4. The expression generally used, “that if any thing remains to be done by the seller, the title does not pass,” has been explained to mean, by Selden, J., in the case of Terry v. Wheeler (1862), 25 N. Y. 520, that where something is to be done by the seller to ascertain the identity, quantity or quality of the thing sold, or to put it in the condition which the terms of the contract require, the title does not pass. And in that case the court held that an agreement by the vendor of lumber to transport it to the cars and deliver it free of charge, did not prevent the title from passing immediately, where what was sold was selected and designated.

*3405. *339The bill of sale in question was for a crop to be grown. *340In such case no title passes until the crop is grown and notice given to the vendee, or some act done by the vendor designating it as the article sold, either by setting it apart, marking it, or some other similar act. Fordice v. Gibson (1891), 129 Ind. 7; Benjamin, Sales (3d Am. ed. by Bennett), §352; First Nat.
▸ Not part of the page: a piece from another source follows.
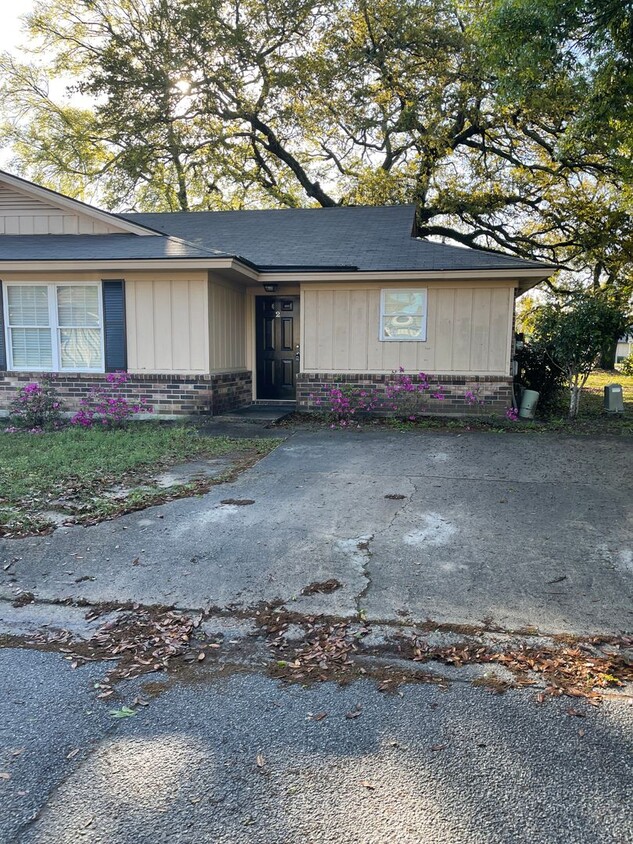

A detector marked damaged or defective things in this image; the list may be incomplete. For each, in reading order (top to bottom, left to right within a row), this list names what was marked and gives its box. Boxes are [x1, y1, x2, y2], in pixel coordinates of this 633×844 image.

cracked pavement [1, 428, 632, 632]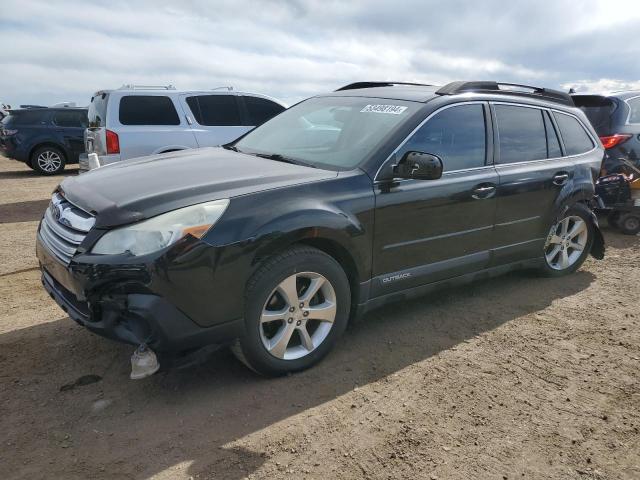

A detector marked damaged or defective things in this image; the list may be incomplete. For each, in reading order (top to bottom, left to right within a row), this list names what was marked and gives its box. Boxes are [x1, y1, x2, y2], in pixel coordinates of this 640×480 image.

crumpled hood [60, 147, 338, 228]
Bank v. Crowley (1872), 24 Mich. 492; Ballentine v. Robinson (1863), 46 Pa. St. 177; Moline Scale Co. v. Beed (1879), 52 Iowa 307, 3 N. W. 96, 35 Am. Rep. 272.
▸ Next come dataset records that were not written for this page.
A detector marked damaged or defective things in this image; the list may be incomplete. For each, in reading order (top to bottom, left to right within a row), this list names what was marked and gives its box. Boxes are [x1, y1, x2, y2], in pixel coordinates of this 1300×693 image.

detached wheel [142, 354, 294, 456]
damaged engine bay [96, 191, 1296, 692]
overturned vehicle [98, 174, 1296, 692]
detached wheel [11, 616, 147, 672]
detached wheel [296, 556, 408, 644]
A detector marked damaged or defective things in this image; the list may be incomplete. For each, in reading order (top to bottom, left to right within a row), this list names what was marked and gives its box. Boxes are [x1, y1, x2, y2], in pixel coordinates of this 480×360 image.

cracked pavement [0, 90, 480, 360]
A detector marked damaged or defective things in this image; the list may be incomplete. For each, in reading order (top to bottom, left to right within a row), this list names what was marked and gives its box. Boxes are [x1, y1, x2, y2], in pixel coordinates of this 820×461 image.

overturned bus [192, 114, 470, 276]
6. 7. But these general rules are founded on the presumed intentions of the parties. If there are attendant circumstances from which the intention may be inferred that the property shall pass at another or different time, or under other and different circumstances, that intention will be effectuated. Clarkson v. Stevens (1882), 106 U. S. 505, 1 Sup. Ct. 200, 27 L. Ed. 139; Fordice v. Gibson, supra. The parties to the contract may agree when and under what conditions the property in question shall pass to the prospective owner. Andrews v. Durant (1854), 11 N. Y. 35. Their intention must be the governing consideration in every case. Turley v. Bates (1863), 2 H. & C. *200. This intention, as well as whether the contract has been executed, is a question of fact to be determined from the terms and stipulations of the agreement and actions of the parties. Branigan v. Hendrickson (1897), 17 Ind. App. 198; Lester v. East (1875), 49 Ind. 588, 594. And in determining what constitutes a change of possession or delivery of personal property, due regard must be had to the character of the property, the nature of the transaction, the position and relations of the parties to the sale and the intended use of the property. Avery Mfg. Co. v. Emsweller (1903), 31 Ind. App. 291, and cases cited.
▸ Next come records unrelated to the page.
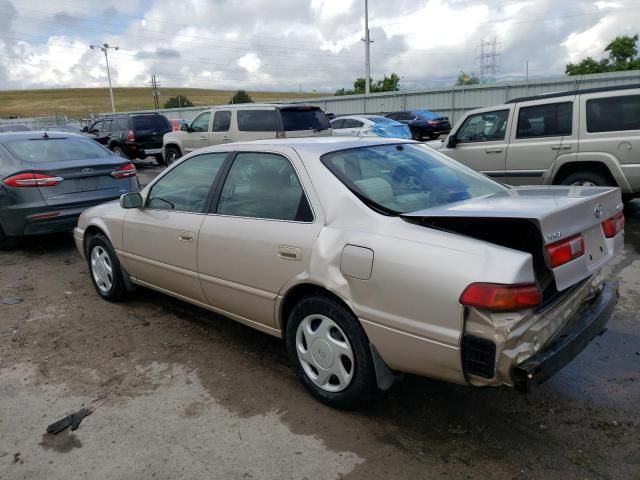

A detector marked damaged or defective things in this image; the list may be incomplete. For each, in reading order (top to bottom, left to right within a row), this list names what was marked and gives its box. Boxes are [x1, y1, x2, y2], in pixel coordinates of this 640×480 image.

damaged rear bumper [508, 280, 616, 392]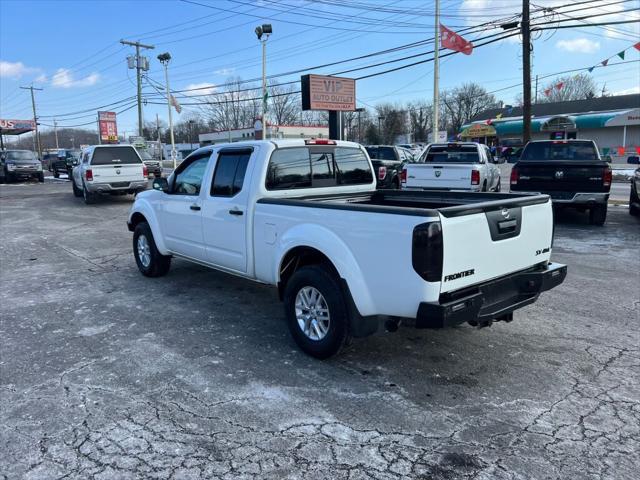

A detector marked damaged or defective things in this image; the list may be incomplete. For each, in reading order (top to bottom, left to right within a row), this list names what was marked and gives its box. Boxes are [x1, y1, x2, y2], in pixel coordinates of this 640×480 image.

cracked asphalt [0, 180, 636, 480]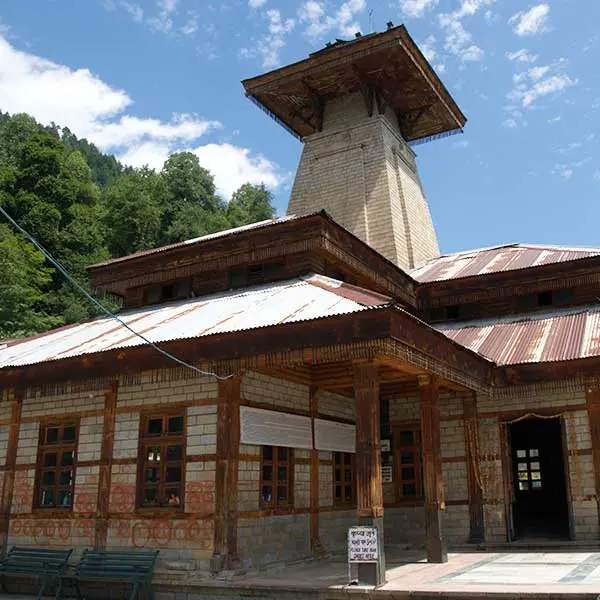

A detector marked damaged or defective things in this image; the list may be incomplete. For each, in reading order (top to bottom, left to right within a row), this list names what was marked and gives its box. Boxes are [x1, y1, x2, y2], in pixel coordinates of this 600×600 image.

rusty metal roof [410, 243, 600, 282]
rusty metal roof [0, 274, 390, 368]
rusty metal roof [438, 304, 600, 366]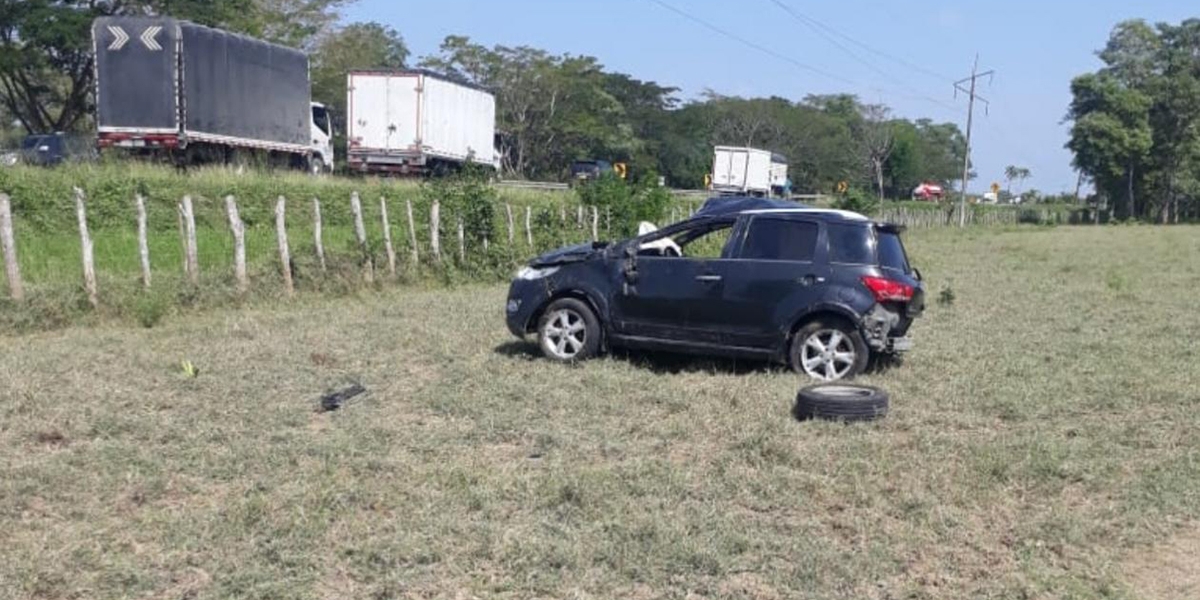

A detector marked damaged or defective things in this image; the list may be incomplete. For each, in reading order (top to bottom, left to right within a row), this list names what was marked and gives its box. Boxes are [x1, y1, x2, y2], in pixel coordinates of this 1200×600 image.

damaged dark suv [501, 199, 921, 381]
detached tire [796, 384, 892, 422]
8. In this case, there is no question but that the crop was sold and the consideration therefor paid at the time of the sale. There was evidence tending to show that the seller separated and set apart the com in *341question, and specifically referred to it as the corn the bank might get. If this were done with the intention and purpose thereby to deliver the same to the bank in fulfillment of the contract, there could be no question but that it would be a sufficient delivery to pass title. As evidence of this intention, it appears that Coyner recognized the claim of the bank upon this com, and agreed to repurchase it from the bank, stating that if he did not do so within a specified time the bank might come and get it. It would not invalidate the transfer of the title if more than the amount so purchased by the bank was thus set aside and designated, since, in eases like the present, where the property sold is in bulk— as grain and the like — and a larger amount is thus set aside and designated for the purchaser than was actually purchased, giving to the purchaser the right and power to make the separation, the title sufficiently passes to the purchaser to sue any one for the wrongful conversion of the same, even before the separation has been made. Crofoot v. Bennett (1849), 2 N. Y. 258; Martz v. Putnam (1889), 117 Ind. 392.

The record shows that there was evidence from which the jury might infer that Coyner, in separating and specifically designating the corn in question as the bank’s corn, intended thereby to deliver the corn to the bank in conformity with the terms of sale theretofore made. Under the foregoing rules, it is our opinion that the court erred in giving the peremptory instruction, directing the jury to find for the appellees.

Judgment reversed, with instructions to grant a new trial.